This guide covers Triple Whale's Sync to Data Warehouse feature, which lets you automate data transfers into BigQuery, Snowflake, or AWS S3 at custom intervals using workflows. It includes setup instructions, architecture details, troubleshooting tips, and advanced usage guidance.
Supported Warehouses
- BigQuery: Learn how to set up BigQuery
- Snowflake: Learn how to set up Snowflake
- AWS S3: Learn how to set up AWS S3
Key Concepts
- Data Structure: Transfer data as tables based on user-defined SQL queries.
- Scheduled Syncs: Schedule syncs using custom intervals within Triple Whale workflows.
- Security and Permissions: Control data access and permissions for secure transfers.
Architecture

Data Warehouse Sync Architecture Diagram
Security Considerations
- Password Handling: For Snowflake, passwords are used directly without specialized security tokens, so you should create dedicated accounts with limited access to use for syncing data. (For BigQuery, users only need to grant write access to a specific dataset, so password security isn't a concern.)
- Data Protection: Users should create isolated datasets or tables specifically for sync operations to avoid compromising broader data access.
Data Structure and Sync Behavior
Table Creation and Schema
- Automatic Table Creation: Tables are created automatically based on the schema defined in the SQL query executed within the Triple Whale platform.
- Data Types: To ensure compatibility and future-proofing, data types are standardized. For instance, Triple Whale low-cardinality columns are represented as strings for flexibility.
- Schema Adjustments: The output table schema is not editable. If a schema change is needed, a new table must be created.
Data Freshness and Historical Data
- Custom Scheduling: Users can customize how often syncs occur through Triple Whale workflows (e.g., hourly, daily).
- Appending Data: Each sync adds new data rows; existing data is not replaced. Users should manage deduplication on their end if needed.
- Historical Sync: Users can run custom SQL queries to extract historical data in batches (e.g., month-by-month) for backfilling.
Common Errors and Troubleshooting
- Connection Issues: If the setup fails, verify that the provided credentials, project ID, and dataset ID are correct. Restart the process if errors persist.

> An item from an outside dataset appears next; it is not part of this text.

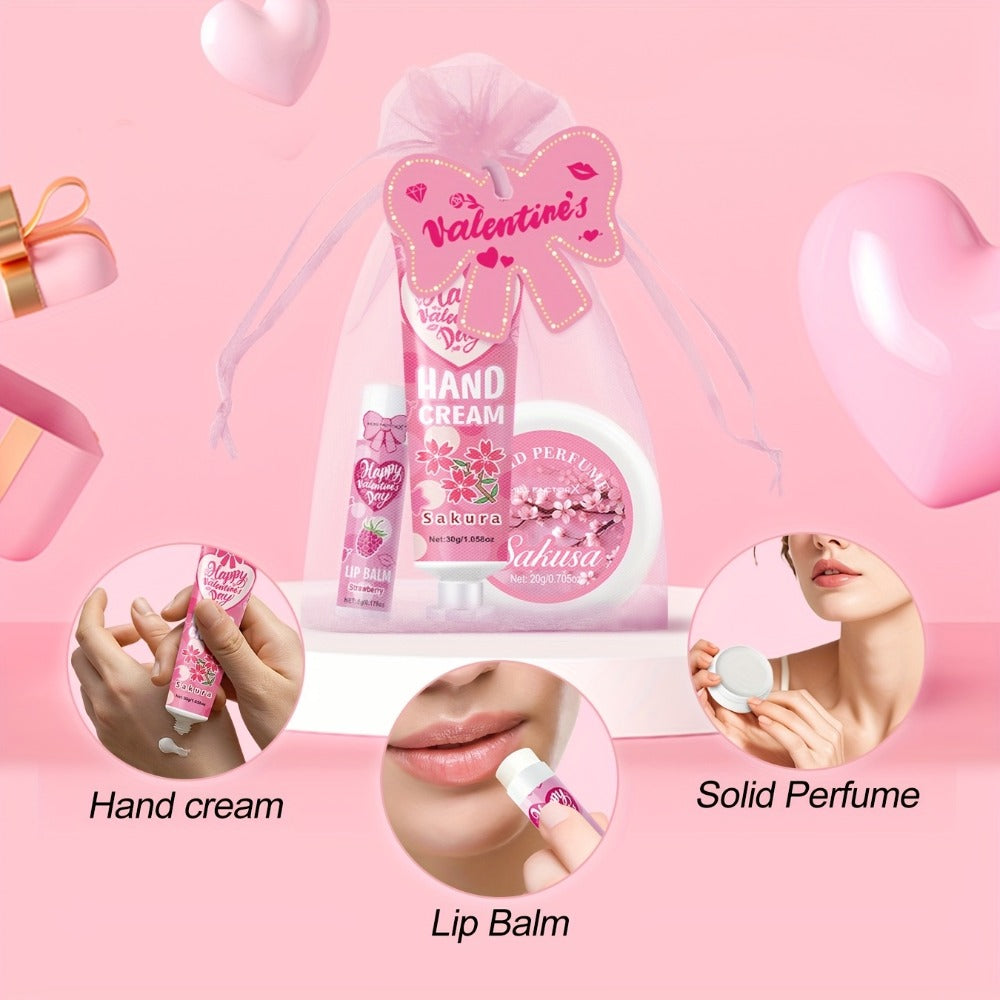 20pcs Beauty Gift Set Lip Balm Hand Cream Solid Perfume Pink Gift Bag Glossy Finish All Skin Types Holiday Party Mother's Day Wedding Bridesmaid Favors - product image 6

- Permission Errors: Ensure that the service account or user account has been granted the necessary permissions for writing data.
- Table Name Conflicts: Verify that the new table name is unique to prevent overwrite or duplication errors.
Best Practices
- Managing Schema Changes: If a schema change is necessary, create a new table with the updated schema.

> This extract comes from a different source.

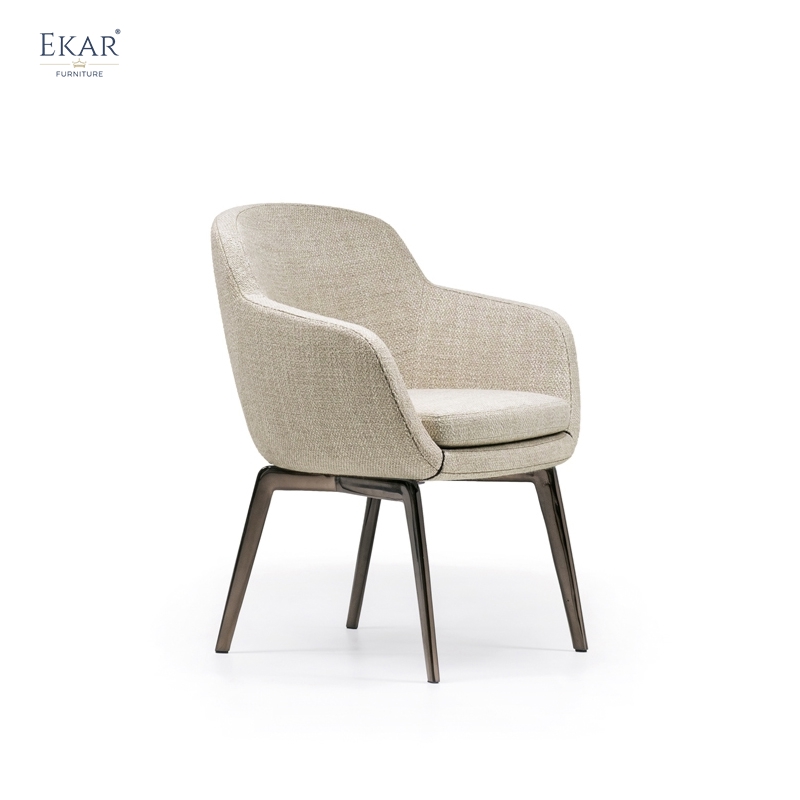 Modern Fabric Dining Chair with Stainless Steel Legs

- Performance Optimization: For optimal performance, avoid syncing overly large data sets at frequent intervals. Break down data into manageable chunks if possible.

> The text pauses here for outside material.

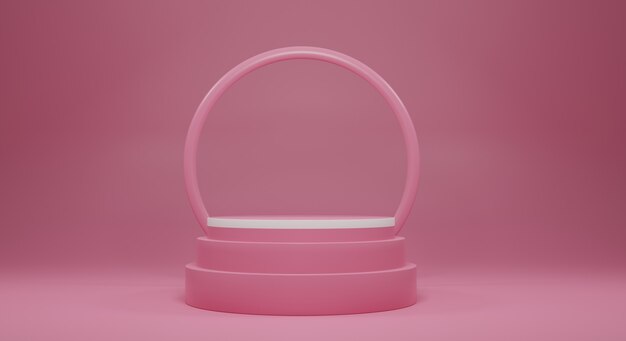 Pink podium on pink background 3d rendered. empty podium for product 3d render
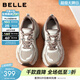 百麗（Belle）拼接撞色老爹鞋女商場(chǎng)同款增高厚底休閑鞋E4Q1DCM5 金色 37 (235mm)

- Testing Connections: Run a test sync with a small query to confirm that the connection works before syncing larger datasets.
- Permission Management: To maintain data security, manually restrict data access through allow-listing or by creating service accounts with user-specific permissions.
- Data Segmentation: Sync data in manageable batches to optimize performance and avoid timeouts.
FAQs
How often does the sync run?
Users can configure the sync frequency within the Triple Whale Workflow Scheduler.
Is data deduplication handled?
No, users need to implement deduplication strategies within their data warehouse.
What if schema changes are required?
Create a new table and update your workflow to use the new schema.
How secure is the data during the sync process?
Data security is maintained through user-defined permissions and encrypted connections. Users should manage data access through restricted accounts or specific data sets.
What happens if a sync fails?
While detailed client-facing error logs are not yet available, users should check connection settings and workflow configurations. If problems persist, contact Triple Whale support.
Can I include specific fields or exclude certain data?
You can customize the SQL query to control the specific data structure and content that is synced.